Collectively, these data support VRK1 haploinsufficiency as a pathogenic mechanism in a subset of PCH1 cases, with robust in vivo and in vitro concordance. Further identification of additional VRK1 families and segregation analyses will refine penetrance estimates and continuum with other motor neuron disorders.

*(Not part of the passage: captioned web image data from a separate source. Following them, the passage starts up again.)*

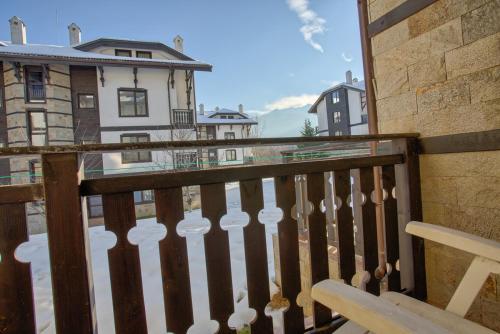 Fotografie z fotogalerie ubytování Cozy One-Bedroom apartment with Nature View by Flat Mаnager v destinaci Razlog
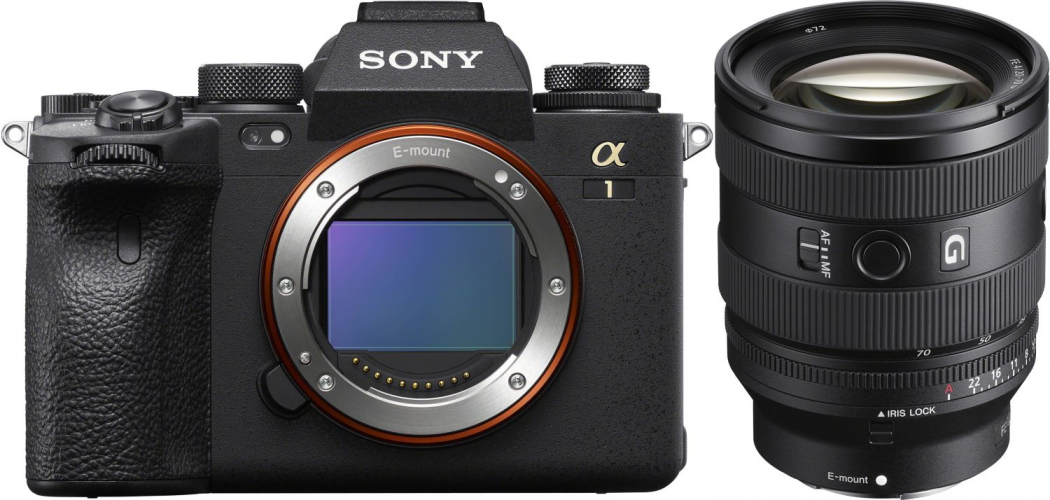 Sony Alpha 1 (ILCE-1) + SEL FE 20-70mm f4 G - abzgl. 200,00€ Winter Cashback - abzgl. 100,00€ Welcome to Alpha-Bonus
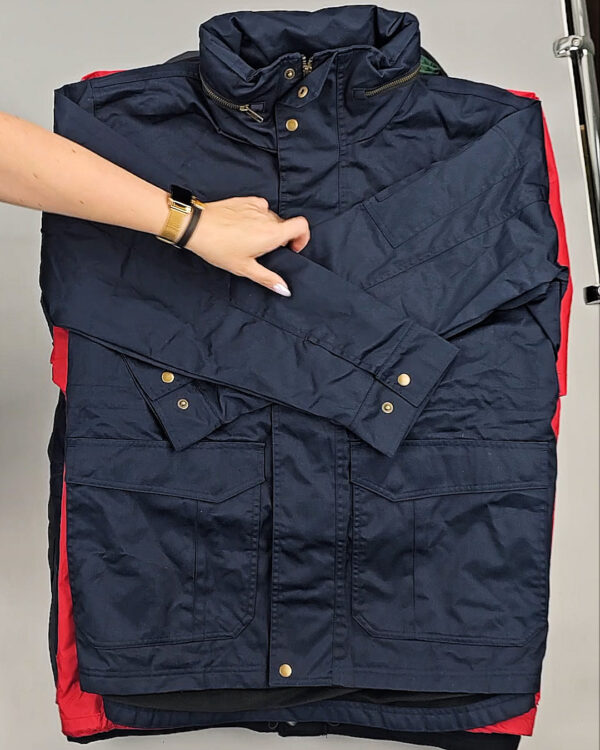 Фотография  722 - Верхняя одежда мужская CAN 104#15 кг, ЛОТ СТ-9441 оптом в Иркутске и Иркутской области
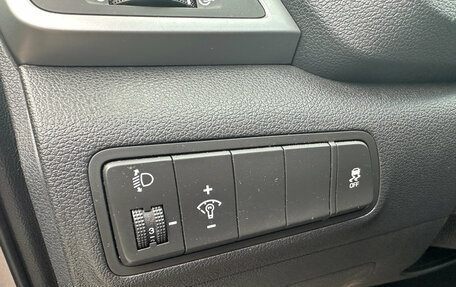 Hyundai Tucson III, 2018 год, 2 239 000 рублей, 10 фотография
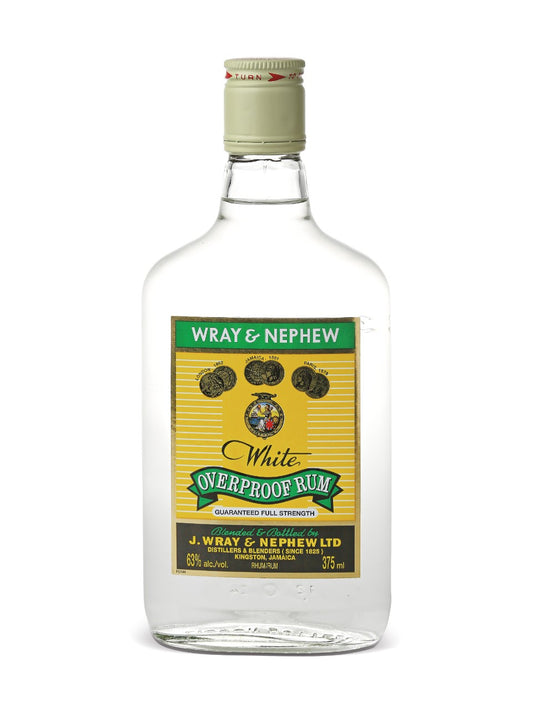 Wray & Nephew White Overproof Rum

Key Take-home: VRK1 loss-of-function variants cause a distinct, autosomal recessive PCH1 phenotype, warranting inclusion of VRK1 in diagnostic gene panels for Pontocerebellar hypoplasia type 1.

References

  • European journal of paediatric neurology • 2018 • Pontocerebellar hypoplasia type 1 for the neuropediatrician: Genotype-phenotype correlations and diagnostic guidelines based on new cases and overview of the literature. PMID:29656927
  • The Journal of neuroscience • 2015 • The spinal muscular atrophy with pontocerebellar hypoplasia gene VRK1 regulates neuronal migration through an amyloid-β precursor protein-dependent mechanism PMID:25609612
  • Biochemical and biophysical research communications • 2023 • Behavioral and neurological effects of Vrk1 deficiency in zebrafish. PMID:37429068

Evidence Based Scoring (AI generated)

Gene–Disease Association

Moderate

Limited number of AR VRK1-PCH1 cases (e.g., one founder homozygous c.1072C>T (p.Arg358Ter) proband) but concordant phenotypes across reports (PMID:25609612; literature review includes VRK1 cases (PMID:29656927)).

Genetic Evidence

Limited

Single founder homozygous proband without segregation data; autosomal recessive inheritance (PMID:25609612).

Functional Evidence

Strong

Murine in utero electroporation knockdown and rescue studies and vrk1–/– zebrafish model recapitulate microcephaly and motor deficits, demonstrating loss-of-function mechanism (PMID:25609612; PMID:37429068).